Thomas, by the way, was all of 11 when she and her brother, growing up in the North Sea port city of Middlesborough, about 40 miles north of York, started a sort of garage string quartet with neighborhood chums Belton and violist Alexander Robertson. The only personnel change came in 1982 when Cassidy replaced Robertson, who had decided to give up music, Thomas said.

"We have been playing Shostakovich since we began playing together 21 years ago," said Thomas. "He became a big part of our lives. Even as kids we used to sit down and listen to what were, at the time, quite hard-to-come-by recordings of some of those pieces.

"We couldn't always get the sheet music, so we had to listen real closely and write down the parts on manuscript. I'm not sure now how close we got to the right notes, but we were very keen on his music. So when we got the opportunity to record them all, we already knew about half of them.

"We were very close-knit. We were playing every evening, every weekend," she said.

They differed from their aspiring rock-star peers only in their choice of instruments. "Oh yes, we were thinking we were going to be the next big deal," she said.

And what does an amateur string quartet from Middlesborough do to become the next big thing?

"We used to play wine and cheese parties," Thomas said. The quartets of Bartok and Shostakovich being not the most conducive to a party atmosphere, they literally made other arrangements.

"We made lots of arrangements of Beatles songs, including 'Eleanor Rigby'" which she singled out since it is often cited as the first rock record to use a string quartet.

"We would play all our favorite things," many of which, she said, turned up on the foursome's latest album, "Brodsky Unlimited," a collection of assorted short works they use as encores.

Because they started so young, the Brodskys have a considerable leg up in experience over other quartets of their generation.

For instance, Thomas said, they have plans to record the 16 quartets that constitute the formidable Beethoven cycle.

But not until they're ready.

"The Beethoven cycle we'll do ... maybe in another 20 or 30 years," she said nonchalantly.

One aspect of their willingness to break classical tradition for which they've taken some hits — mostly gentle jibes — is their association with Japanese fashion designer Issey Miyake, whose striking variations on the tuxedo are modeled by the Brodskys on the covers of their albums.

They have credited Miyake on album jackets and even provided the music for one of his fashion shows, a relationship that hasn't gone unnoticed.
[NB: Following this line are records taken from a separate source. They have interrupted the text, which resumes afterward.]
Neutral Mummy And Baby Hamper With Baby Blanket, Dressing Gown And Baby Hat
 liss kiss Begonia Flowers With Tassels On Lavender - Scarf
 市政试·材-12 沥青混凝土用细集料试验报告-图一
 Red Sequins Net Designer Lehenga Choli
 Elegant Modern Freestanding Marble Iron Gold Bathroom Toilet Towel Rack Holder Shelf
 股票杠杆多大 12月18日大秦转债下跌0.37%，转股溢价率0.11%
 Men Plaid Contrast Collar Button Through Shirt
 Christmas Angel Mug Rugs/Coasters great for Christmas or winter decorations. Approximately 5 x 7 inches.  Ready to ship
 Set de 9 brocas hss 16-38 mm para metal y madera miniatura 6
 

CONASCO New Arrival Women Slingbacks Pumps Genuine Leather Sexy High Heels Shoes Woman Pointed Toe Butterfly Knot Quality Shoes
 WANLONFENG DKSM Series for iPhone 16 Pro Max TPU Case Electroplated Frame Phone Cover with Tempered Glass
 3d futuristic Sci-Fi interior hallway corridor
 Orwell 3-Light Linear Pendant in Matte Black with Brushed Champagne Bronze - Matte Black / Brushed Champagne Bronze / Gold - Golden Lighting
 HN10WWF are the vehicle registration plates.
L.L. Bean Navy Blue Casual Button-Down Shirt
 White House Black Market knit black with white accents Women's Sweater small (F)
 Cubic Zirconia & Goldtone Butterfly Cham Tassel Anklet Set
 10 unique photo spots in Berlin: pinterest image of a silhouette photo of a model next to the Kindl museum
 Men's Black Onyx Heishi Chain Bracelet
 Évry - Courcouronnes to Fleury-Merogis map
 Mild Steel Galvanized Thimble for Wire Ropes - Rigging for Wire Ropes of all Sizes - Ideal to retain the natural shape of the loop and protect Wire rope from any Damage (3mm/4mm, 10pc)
It's prompted some critics to lump them in with such fashion-conscious, classical-world upstarts as violinist Nigel Kennedy and the Kronos Quartet.

"There's no reason you can't perform Mozart in modern designer suits. I think possibly it was a shame to mention (wardrobe credit) in the record sleeve," Thomas said. With a laugh, she added: "We don't put that in any more."

They haven't, however, shut the door on further cross-disciplinary collaborations.

"In fact, we have recently become involved with somebody who wants to put on concerts and art exhibitions at the same time," Thomas said.

In all cases, she added, these associations have "just happened. ... It's not because we're looking for things that make our lives more interesting. They've happened because we have not been closed to them.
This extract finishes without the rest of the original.